Heart of Campus, Green School

Sunday 20 November 2011

Has anyone seen a brooding hen?

Has anyone seen a brooding hen?

Questions arising…merely based on things I have seen or heard around Green School over the past few weeks. One of the most wonderful things about being overseas: constant surprise at the discovery of the weird and unusual. There’s something invigorating about seeing and experiencing new things that play with your framework, both in the sense of questioning your own frame of reference as well as the hilarity of shaking it up with a completely new way of being.

For example, I have sat through a lot of staff meetings in the past in a variety of locations. Mostly they are what you’d expect: downloads of information to a group of people who need to be on the same page followed by a few clarifying questions and then we’re off to our versions of teaching & learning. In last week’s staff meeting, the Green Studies teacher asked if anyone had seen a brooding hen around campus. He then went on to explain WHY he needed a brooding hen: it was (of course) because the peacock had laid eggs and apparently it can’t handle more than one egg at a time (terrible things will occur that remain unknown to me) so we, as a staff, were asked to keep our eyes open for a brooding hen on campus who could, apparently, accept an extra egg into the nest until it successfully hatched into a peacock. I, of course, passed the question onto my 7th Graders and even dangled a carrot of house points to the 1st student to find a brooding hen on campus for the wayward peacock egg. If the transfer were to be successful, I can only imagine the surprise the hen might feel once the peacock egg hatches…

Weather-related question:
What did you do in your home last night when the flying termites arrived?
The rainy season is upon us and the storms are massive. Truly massive. Thunder, lightning, buckets of rain falling sometimes for hours on end. Last Monday night was one of the bigger ones (apparently). The river rose 8-10 feet in one night! Sadly, much of the evidence of the rising waters is in the garbage and debris piled high along the riverbanks. Yuck. Meanwhile, buckets of rain produce a monumental influx of critters. Into our home. While we’re trying to function. So many, in fact, that life just stops for a while and we crawl under the mosquito nets to wait it out in the dark. First the flying termites arrive, by the 1,000’s. Then the geckos (the really big ones) come down out of the thatched roof and start hunting them. Finally, the termites begin dying and armies of ants march in to carry their struggling remains away. The nutty thing is, one could actually sleep through a storm and never know this was occurring all around them. Luckily (?) we are awake and experiencing it all.

More important question: Does anyone know how to get more than one bottle of wine through customs?

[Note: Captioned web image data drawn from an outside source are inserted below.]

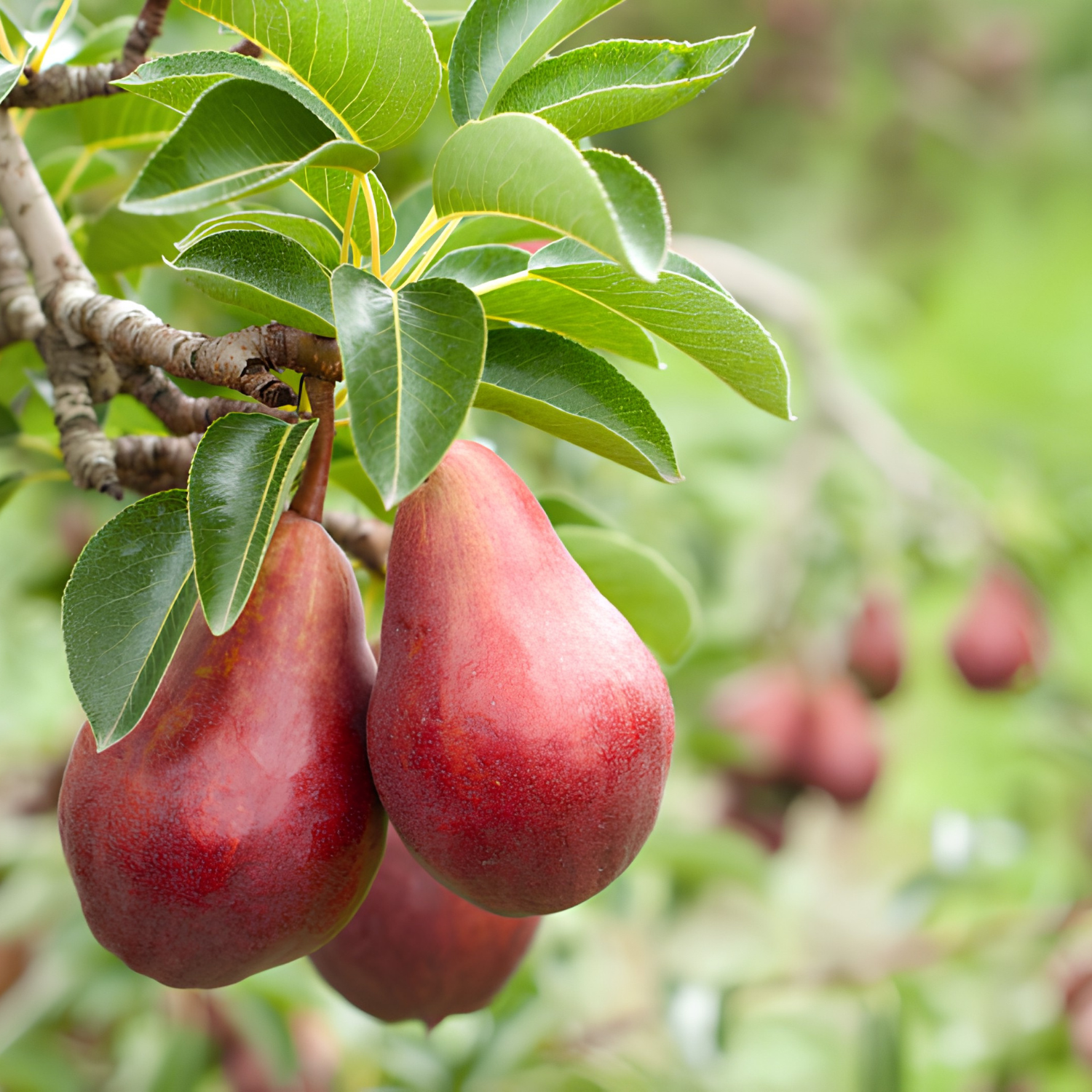 Red pears hanging from a tree with green leaves.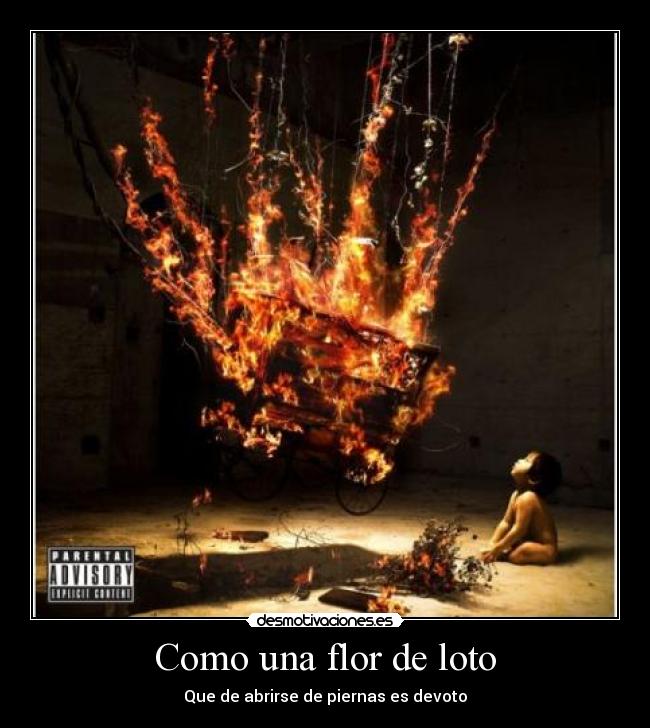 Como una flor de loto - Que de abrirse de piernas es devoto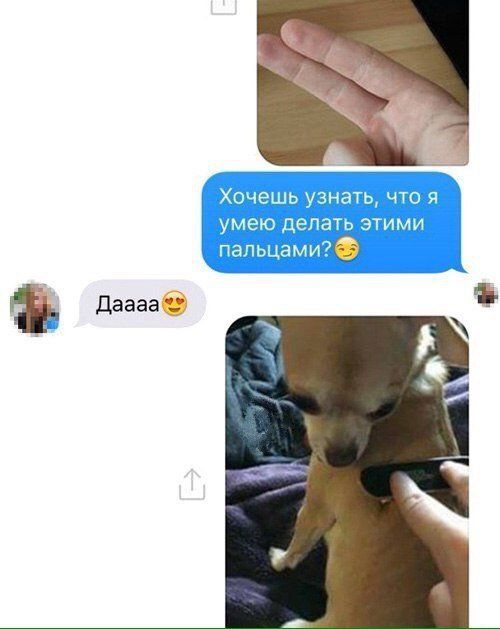 Подборка легкого юмора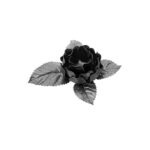 Wrought Iron Flower (1406/3), 5-1/2 Inch (D)
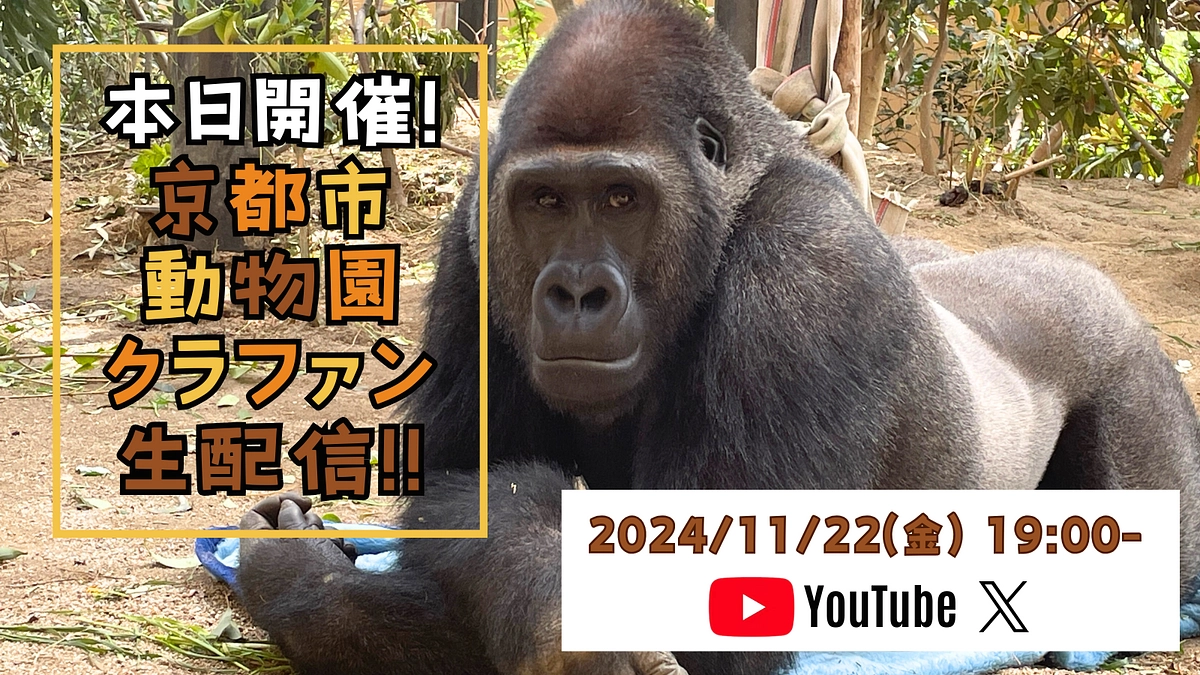 本日19時から生配信！「改めまして、京都市動物園です！〜サルたちを“もっと”知ってもらうために〜」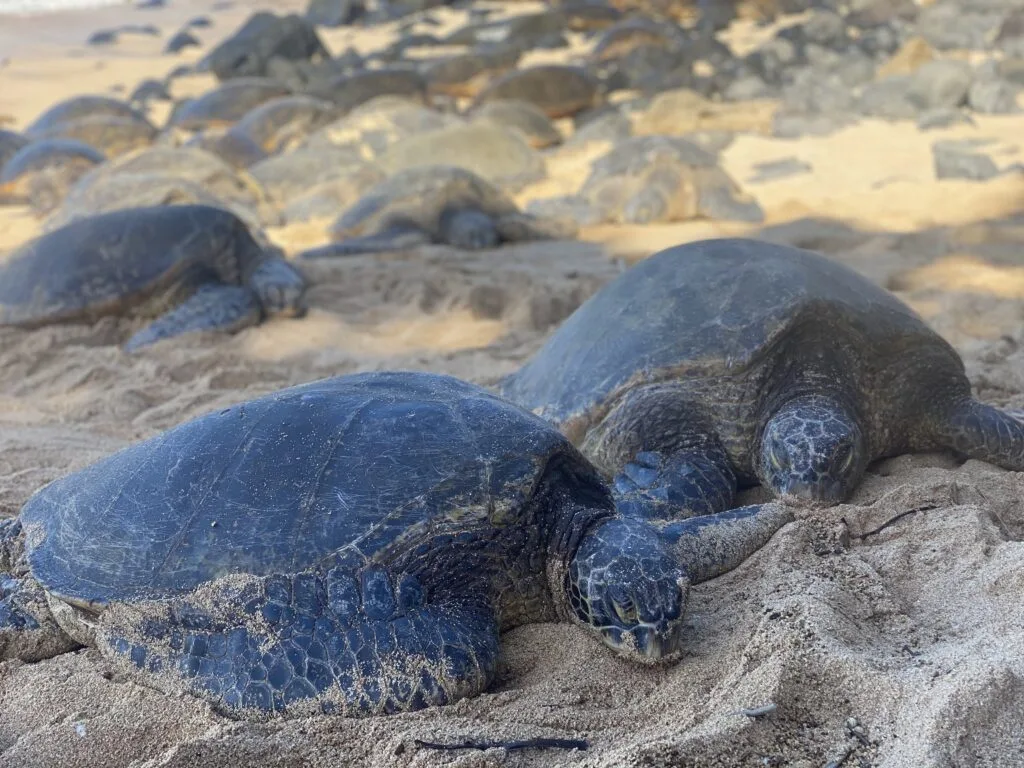 Sea turtles in Hawaii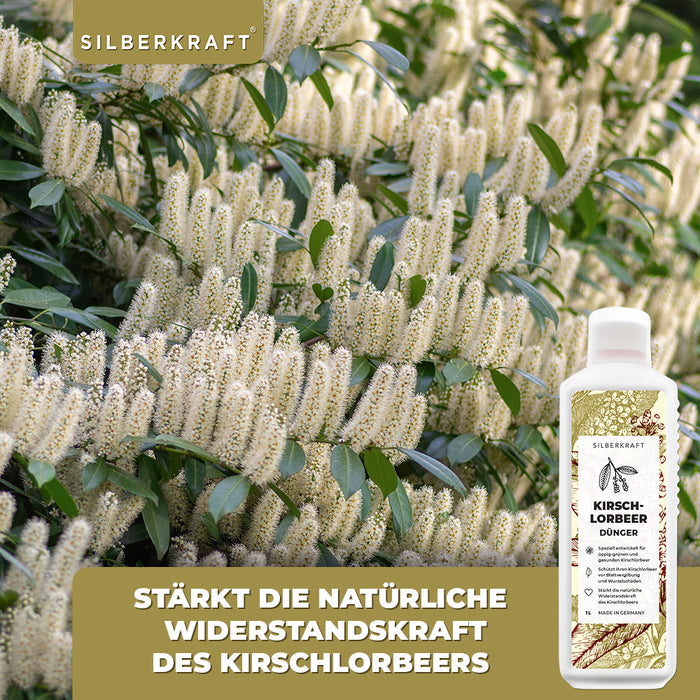 Kirschlorbeer Dünger - Mineralischer NPK Flüssigdünger mit Stickstoff - Dünger für Kirschlorbeer - Lorbeer Dünger - Silberkraft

Freaky questions: Have you ever seen a spider that big? Who had a motorbike accident today? Did you hear [insert name here] had a [insert disaster here]? Are there more mini disasters in Bali (or overseas in general) or are they just conversation pieces that produce anxiety because they don’t fit my general frame of reference? For example, hearing about snakes in people’s homes or gardens shakes me up…but Australians apparently deal with this all the time and I imagine they don’t deal with black widow spiders in the basement, coyotes mixing with their dogs on the trail and occasional cougar sightings in town. Do you get my drift? I’m working on taking in these stories and just lodging them into the Bali corner of my brain so that they don’t shock me so much – I’ll let you know how that’s going in a few more weeks.

Meanwhile, I have little to complain about and much to celebrate. The kids are thriving, Chad’s building bamboo bicycles on campus this week (need I say more about how he’s doing?!?) I have arrived at a place with my job that works for now and with the right attitude, Green School continues to amuse and surprise us. Our weekends are filled with fantastic experiences and we’re beginning to meet people outside of our mini-community of teachers. We love nothing more than being invited to one of Ethan or Zoe classmates homes for a swimming party because we can wallow in the cool waters while meeting interesting folks from all over the world who have, for various reasons, picked up and move to Bali, Indonesia. Meanwhile, our Xmas break tickets to New Zealand are burning a hole in our pocket – we leave in less than a month for a fun-filled three-week trip to see a large portion of Chad’s family and tour a bit of the S. Island. What could be better than Xmas in New Zealand? Maybe Xmas in New Zealand followed by January/February in Bali? I must admit, the Facebook photos of winter-wear aren’t making me terribly homesick right now, but there are moments.

Is it OK to attend a ceremony without proper ceremonial wear? Not really. Zoe and I went to great lengths to not offend the locals or the gods today. I think we did all right and we really enjoyed partially participating in our first ceremony. I say partially because the ceremony started about two hours late and Zoe was burning out as it was beginning, so we didn’t stay for the whole event. Next time…

The real question: what are we doing here???… This remains to be answered (it had been recently revisited after a painfully tumultuous day at work but the dust has settled once again). As for the brooding hen and the peacock egg, well, as we’re beginning to realize around Green School, it was a marvelous idea full of potential that fizzled out like an untied balloon…not enough follow through and too many balls being juggled by too few people to surprise that hen after all.